### TASK DESCRIPTION
Repeat exactly the line that contains "Foto van de" and every line after it, down to the last line of the entries below. Do not include pictures.
---- DATA SUPPLIED
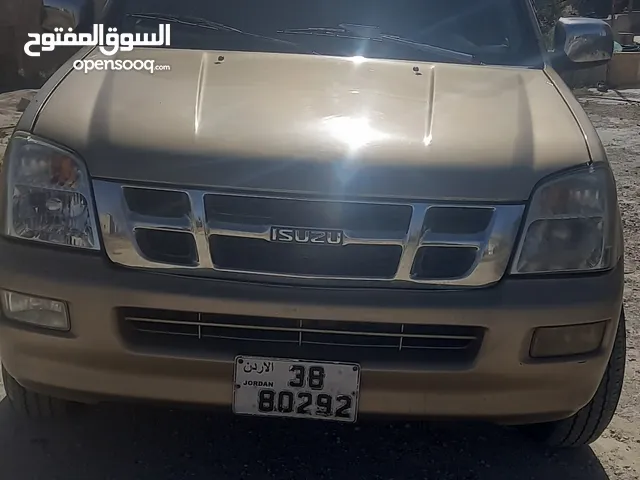 Used Isuzu D-Max in Mafraq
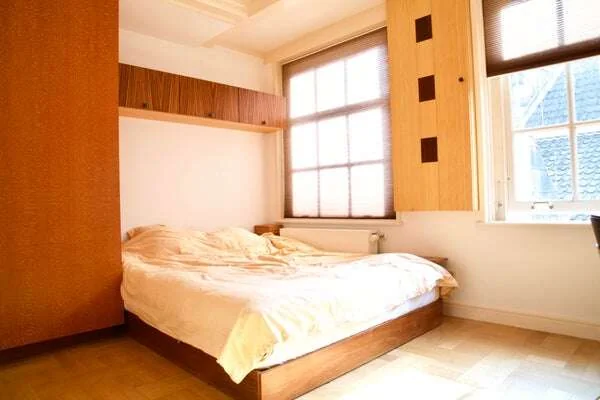 Foto van de Appartement gelegen aan de Sint Luciënsteeg in Amsterdam
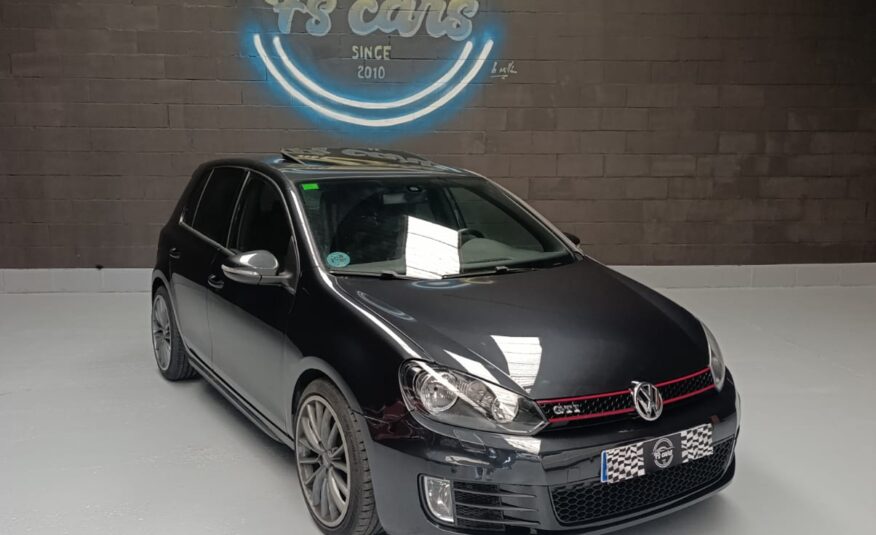 VOLKSWAGEN GOLF VI 2.0 TFSI DGS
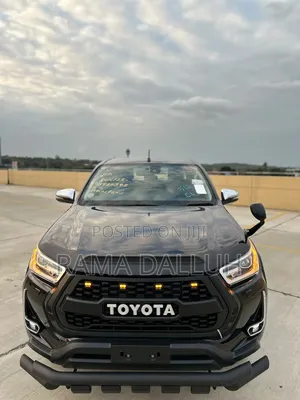 2021 Toyota Hilux 2.4L 4WD
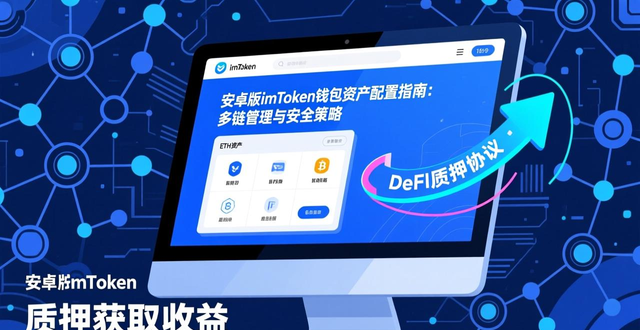 安卓版imToken钱包资产配置指南：多链管理与安全策略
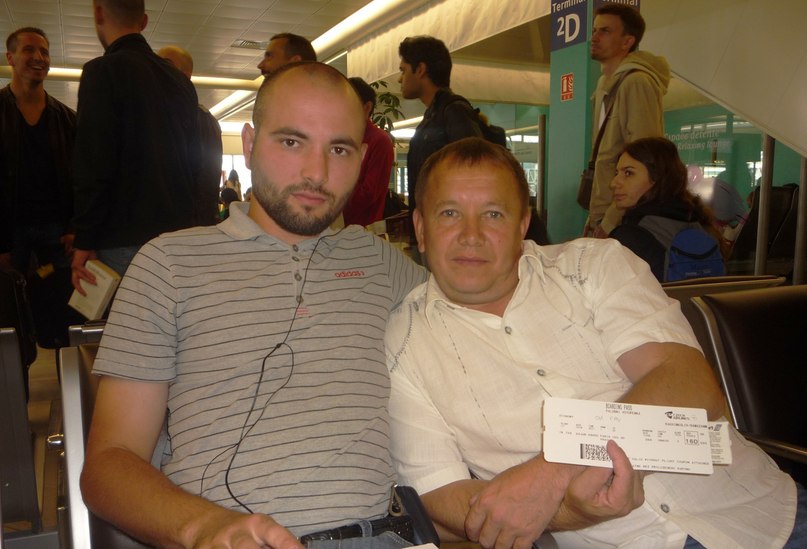 Рамазан Рахимкулов | Стерлибашево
--------
### ANSWER SPACE
 Foto van de Appartement gelegen aan de Sint Luciënsteeg in Amsterdam
 VOLKSWAGEN GOLF VI 2.0 TFSI DGS
 2021 Toyota Hilux 2.4L 4WD
 安卓版imToken钱包资产配置指南：多链管理与安全策略
 Рамазан Рахимкулов | Стерлибашево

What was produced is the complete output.